[zeromq-dev] 0MQ/3.0, 0MQ/4.0 and 0MQ process

Martin Lucina martin at lucina.net
Sun Oct 30 23:48:08 CET 2011


All,

sustrik at 250bpm.com said:
> The question is whether to start with zeromq3-0 repo or libzmq repo. Are 
> there any technical considerations? The log seems go back to initial 
> version of 2.0 (summer 2009) in both repos.
> 
>  From social perspective libzmq has more watchers than 3-0, which may 
> make it preferable.

Martin Sustrik and I had a personal discussion (sitting in a room together)
about the technical side of things which I'll try to summarize here for the
benefit of everyone. 

Please note that this is not any kind of endorsement from my side on what
should be done, Martin merely asked for technical advice. My views on this
topic are well known so I'll stay out of the process/politics, watch the
flames, and help Martin implement whatever is decided upon.

Martin would like to get the zeromq/libzmq repository (since this is
considered canonical by most people) into a clean state where:

1) zeromq/libzmq/master is the currently released version (3.x)
2) experimental work (most of "4.0") which has broad community support and
   which is actually expected to land in a future release can be shared
   with the wider community on topic branches off master in the
   zeromq/libzmq repository
3) experimental work which is raw or of a more one-off nature should live
   in individual developers forks of libzmq, *not* in zeromq.org/libzmq.
   That includes Martin's own experiments.
4) ideally, though maybe not at the same time, and maybe not technically
   feasible, 2.x should also live as a branch off libzmq.
5) Martin would like to continue using signed-patch-to-ML as the preferred
   way of accepting contributions, but would also like to explore the use
   of pull requests, *however* this must be done in a way that is
   transparent to the entire developer community which AFAICT rules out
   the Github interface (see below).

How can we achieve the above technically with least pain for people? 

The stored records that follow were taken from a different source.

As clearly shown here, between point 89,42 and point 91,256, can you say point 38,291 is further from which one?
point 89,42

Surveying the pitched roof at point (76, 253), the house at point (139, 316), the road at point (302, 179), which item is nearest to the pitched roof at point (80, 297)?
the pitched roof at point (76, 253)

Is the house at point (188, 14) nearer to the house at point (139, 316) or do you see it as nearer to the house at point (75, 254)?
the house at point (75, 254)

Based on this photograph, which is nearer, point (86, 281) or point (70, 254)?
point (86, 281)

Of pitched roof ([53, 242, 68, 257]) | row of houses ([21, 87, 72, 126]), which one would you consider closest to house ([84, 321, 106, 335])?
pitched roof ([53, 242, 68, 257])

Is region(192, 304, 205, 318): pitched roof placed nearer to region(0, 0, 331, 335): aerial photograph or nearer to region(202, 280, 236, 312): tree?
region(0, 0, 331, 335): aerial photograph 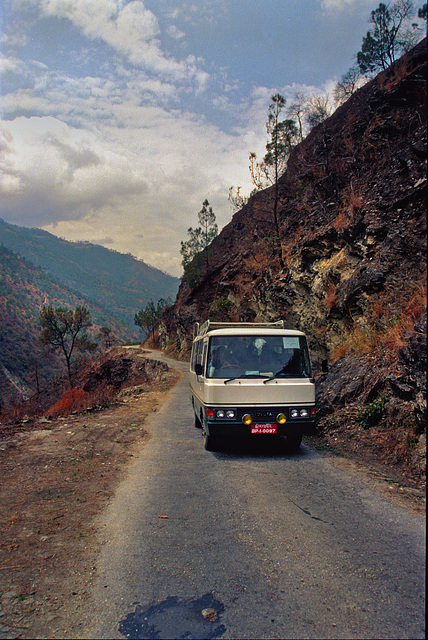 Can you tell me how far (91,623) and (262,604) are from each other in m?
1.26

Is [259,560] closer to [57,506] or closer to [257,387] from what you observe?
[57,506]

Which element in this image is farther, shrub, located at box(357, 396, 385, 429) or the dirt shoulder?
shrub, located at box(357, 396, 385, 429)

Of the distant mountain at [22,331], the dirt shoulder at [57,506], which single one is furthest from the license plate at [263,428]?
the distant mountain at [22,331]

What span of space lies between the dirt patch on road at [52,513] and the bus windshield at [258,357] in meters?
2.75

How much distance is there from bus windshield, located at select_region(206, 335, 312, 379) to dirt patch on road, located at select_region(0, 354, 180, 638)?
275 cm

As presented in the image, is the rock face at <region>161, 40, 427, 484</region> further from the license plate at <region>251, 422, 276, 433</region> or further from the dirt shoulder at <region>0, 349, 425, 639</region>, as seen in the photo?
the license plate at <region>251, 422, 276, 433</region>

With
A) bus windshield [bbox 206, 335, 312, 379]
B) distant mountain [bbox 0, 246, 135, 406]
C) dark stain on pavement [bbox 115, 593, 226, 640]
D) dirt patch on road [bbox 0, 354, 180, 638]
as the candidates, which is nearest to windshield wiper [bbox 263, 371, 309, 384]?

libzmq master has the most "correct" history and continuity so
one option would be to *delete* every commit post 3.0, and then apply any
3.x backports. However, this cannot be done without rewriting history which
results in pain for every fork and would probably also mean the repo must
be deleted and recreated on Github.

A less painful solution would be to revert all 4.0 experimental work (i.e.
the full commits, using git-revert), thus getting libzmq back to 3.0, and
then put the relevant 4.x work which fits under point 2) above on topic
branches and anything leftover falls under point 3).

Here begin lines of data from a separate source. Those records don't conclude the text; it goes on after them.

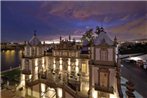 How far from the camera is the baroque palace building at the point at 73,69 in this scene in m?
Answer: 4.72

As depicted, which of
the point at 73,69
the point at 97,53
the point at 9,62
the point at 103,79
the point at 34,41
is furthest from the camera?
the point at 9,62

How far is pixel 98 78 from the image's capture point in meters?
4.83

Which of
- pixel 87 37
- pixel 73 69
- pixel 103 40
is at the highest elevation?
pixel 87 37

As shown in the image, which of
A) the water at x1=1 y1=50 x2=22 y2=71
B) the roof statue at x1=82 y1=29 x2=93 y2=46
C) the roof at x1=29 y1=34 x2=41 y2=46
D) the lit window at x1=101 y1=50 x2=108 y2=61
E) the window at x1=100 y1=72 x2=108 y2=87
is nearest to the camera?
the window at x1=100 y1=72 x2=108 y2=87

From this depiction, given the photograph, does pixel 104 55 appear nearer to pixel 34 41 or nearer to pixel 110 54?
pixel 110 54

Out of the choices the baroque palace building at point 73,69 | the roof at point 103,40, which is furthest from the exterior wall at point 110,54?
the roof at point 103,40

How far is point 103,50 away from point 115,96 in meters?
1.53

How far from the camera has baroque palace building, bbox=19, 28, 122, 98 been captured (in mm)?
4723

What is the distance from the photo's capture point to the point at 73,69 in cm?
710

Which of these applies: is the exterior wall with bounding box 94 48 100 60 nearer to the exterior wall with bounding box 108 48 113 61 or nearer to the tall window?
the tall window

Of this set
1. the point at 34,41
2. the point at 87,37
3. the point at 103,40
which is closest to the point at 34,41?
the point at 34,41

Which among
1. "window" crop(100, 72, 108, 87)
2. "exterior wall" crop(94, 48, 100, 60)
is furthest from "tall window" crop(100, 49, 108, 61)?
"window" crop(100, 72, 108, 87)

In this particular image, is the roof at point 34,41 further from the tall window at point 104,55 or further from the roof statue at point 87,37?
the tall window at point 104,55

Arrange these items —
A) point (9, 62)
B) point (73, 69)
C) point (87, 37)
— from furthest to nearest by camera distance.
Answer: point (9, 62)
point (87, 37)
point (73, 69) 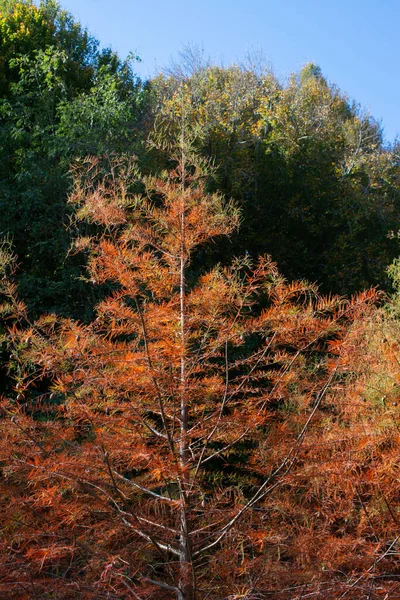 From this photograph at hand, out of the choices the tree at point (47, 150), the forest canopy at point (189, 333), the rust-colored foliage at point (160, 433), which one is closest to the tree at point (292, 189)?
the forest canopy at point (189, 333)

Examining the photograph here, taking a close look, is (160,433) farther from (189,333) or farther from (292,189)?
(292,189)

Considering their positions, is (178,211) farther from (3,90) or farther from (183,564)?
(3,90)

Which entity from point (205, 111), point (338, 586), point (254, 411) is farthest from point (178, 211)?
point (205, 111)

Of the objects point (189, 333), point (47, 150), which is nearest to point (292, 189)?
point (47, 150)

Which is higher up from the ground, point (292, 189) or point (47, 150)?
point (292, 189)

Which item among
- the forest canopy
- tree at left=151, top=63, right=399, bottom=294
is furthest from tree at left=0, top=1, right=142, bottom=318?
tree at left=151, top=63, right=399, bottom=294

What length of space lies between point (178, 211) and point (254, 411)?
3.90 ft

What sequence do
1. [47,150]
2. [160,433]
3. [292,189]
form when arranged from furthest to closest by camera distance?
[292,189], [47,150], [160,433]

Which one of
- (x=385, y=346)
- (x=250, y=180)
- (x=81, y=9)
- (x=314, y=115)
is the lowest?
(x=385, y=346)

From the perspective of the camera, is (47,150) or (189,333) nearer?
(189,333)

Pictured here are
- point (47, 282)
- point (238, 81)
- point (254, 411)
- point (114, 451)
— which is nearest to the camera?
point (114, 451)

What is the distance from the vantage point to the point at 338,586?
3.39 meters

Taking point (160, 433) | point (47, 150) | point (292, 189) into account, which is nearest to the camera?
point (160, 433)

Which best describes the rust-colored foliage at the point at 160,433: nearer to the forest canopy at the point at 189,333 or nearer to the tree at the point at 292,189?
the forest canopy at the point at 189,333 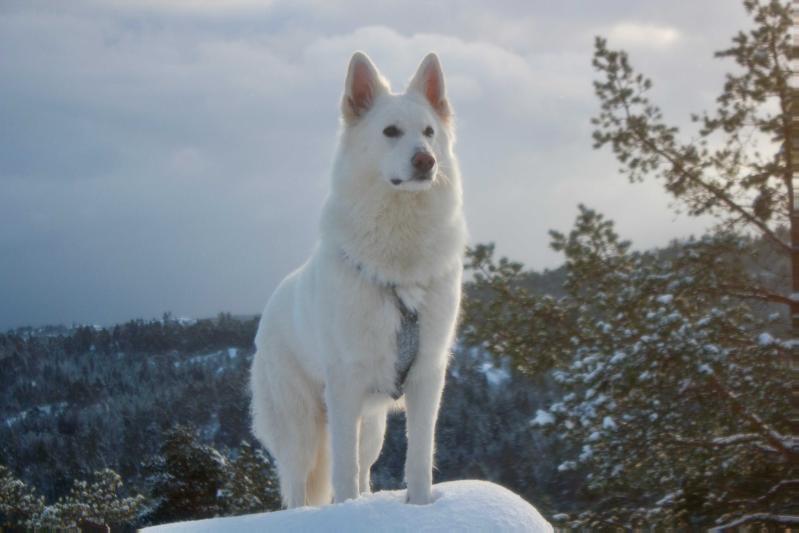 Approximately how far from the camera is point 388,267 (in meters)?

This still leaves open the question of what to do about 2.x, if anything.
Suggestions welcome; if libzmq still has the original 2.x "stable" branch
present in it then it's possible that could be updated by hand to match
zeromq/zeromq2-1.

A couple more points:

Regarding pull requests vs. patches. Martin's main problem with the Github
interface to pull requests is that it is not transparent to the entire
community. One way to make that work is to go back to Linus Torvalds'
original idea of what a pull request is:

 - A pull request is simply an email to the project mailing list, asking
   the maintainer to please pull all commits from branch X of repository Y.
   It is assumed that such a branch is effectively a topic branch, and has
   been rebased to merge cleanly against the current master.

Martin, I think that's all, please expand/correct/denounce whatever I got
wrong...

Any Git experts in the audience please comment.